Admitimos que a Darío Samper no se le puede considerar como el mejor representante del grupo de Piedra y Cielo, ni el más artista, pero no por eso debemos pasar por alto su obra poética, pues tiene una gran fuerza descriptiva, mucha vitalidad y resonancia cuando recitada (otra similitud con Lorca), y hasta un deje suyo original por tratarse de una poesía arraigada a la tierra, y a la sangre que bañó esta tierra para hacerla libre.

GERARDO VALENCIA.
Gerardo Valencia puede clasificarse en el grupo de poetas influidos por el gran modernista Rubén Darío, aunque hay además otras influencias muy patentes en su obra y ellas son las de los castellanos Garcilaso de la Vega, Bécquer y Góngora. Valencia intenta en su poesía crear valores clásicos. Para él ésta representa, no un juego del lenguaje, sino un instrumento artístico y creador. Es la expresión de los sentidos, la desnudez del alma, por eso sus temas principales son aquellos que pertenecen a todo ser humano, el amor y el enigma metafísico:

Indago en las alturas. Nada.
Los astros se han callado.
Miro a la tierra. Nada.
Los gusanos se mueven sin rumor en las tumbas.
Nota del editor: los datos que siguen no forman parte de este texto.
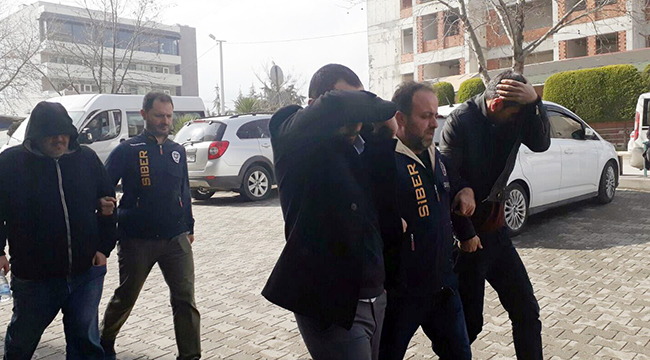 DENİZLİ MERKEZLİ 6 İLDE DOLANDIRICILIK ÇETESİNE DARBE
Y sin embargo los ojos están viendo.
Percibo los olores. Tacto.
Pasa el sabor sobre mi lengua.
Pero hay un gran silencio.
¿Es la presencia de Dios o Su Vacío?

TOMÁS VARGAS OSORIO.
Periodista, novelista, ensayista y poeta, Tomás Vargas Osorio sólo aportó al campo de la poesía veintiún poemas, uno de ellos, “Regreso de la muerte”, su contribución al campo piedracelista. Desgraciadamente nos ha sido imposible conseguir una copia de dicha publicación y por lo tanto nos hemos de limitar a hacer una crítica de Vargas Osorio como escritor de prosa en donde observamos marcada influencia de Balzac, Zweig y Dostoievski. Escribe para un grupo selecto de espíritus afines; no sabe, y probablemente no quiso, comunicarse con el pueblo.
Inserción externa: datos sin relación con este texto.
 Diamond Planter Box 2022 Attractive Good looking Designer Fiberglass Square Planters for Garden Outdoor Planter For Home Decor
La personalidad retraída, misántropa del joven escritor influyó mucho en sus escritos, principalmente en sus cuentos. Vivió constantemente en la sombra de la muerte temprana, pues tenía muy mala salud y, efectivamente, murió a los treinta y tres años. Ello hizo que hubiera siempre en sus escritos un deje de tristeza y soledad, y que el tema principal fuera la muerte, sabiendo, como sabía, que permanecería en el reino de los vivos por muy poco tiempo.
Escribe con sensibilidad y cierta originalidad, pero sin maestría. Notamos que la madurez, probablemente, le hubiera dotado de una fuerza reveladora de intimidad poética, cosa que rara vez logra en lo que actualmente se ha publicado de él, pero de cuya inspiración deja rasgos indiscutibles. Así, no sólo lamentamos su truncada vida mortal y literaria, sino el límite forzoso que se nos ha impuesto en la evaluación de su obra completa.
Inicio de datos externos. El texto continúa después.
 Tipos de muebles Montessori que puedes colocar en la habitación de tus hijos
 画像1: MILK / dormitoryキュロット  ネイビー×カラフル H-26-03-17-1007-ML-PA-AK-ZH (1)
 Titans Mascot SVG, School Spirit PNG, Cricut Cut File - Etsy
Nos queda por mencionar, para completar el ciclo piedracelista, a Carlos Martín y Antonio Llanos. El primero, crítico y poeta, consagrado a las letras de su patria y a difundirlas por el mundo. Ama a Colombia y escribe poesía realzando la belleza de la naturaleza de su país. Sus temas de irrealidad y humanidad no se contraponen sino que se complementan, dando a su poesía un contraste tan pronto de alturas espirituales y etéreas como de interrelaciones físicas, especialmente la sexualidad, donde los sentidos se aproximan y se disuelven espiritual y físicamente.
Antonio Llanos, quien a veces es incluido en el grupo de los piedracelistas, no pertenece a él a causa de sus ideologías poéticas, pues se encuentran demasiado cerca del “cielo” y no de la “piedra”. Se remonta a la poesía espiritual y mística, separándose así de sus compañeros que tienen los pies firmes en la tierra y lo que ésta puede
ofrecerles para poetizar.

(Moraima de Semprún Donahue ha sido profesora de Literatura Española en el Nazareth College de Rochester, estado de Nueva York. Actualmente prepara su tesis doctoral en la George Washington University sobre el poeta español contemporáneo Blas de Otero).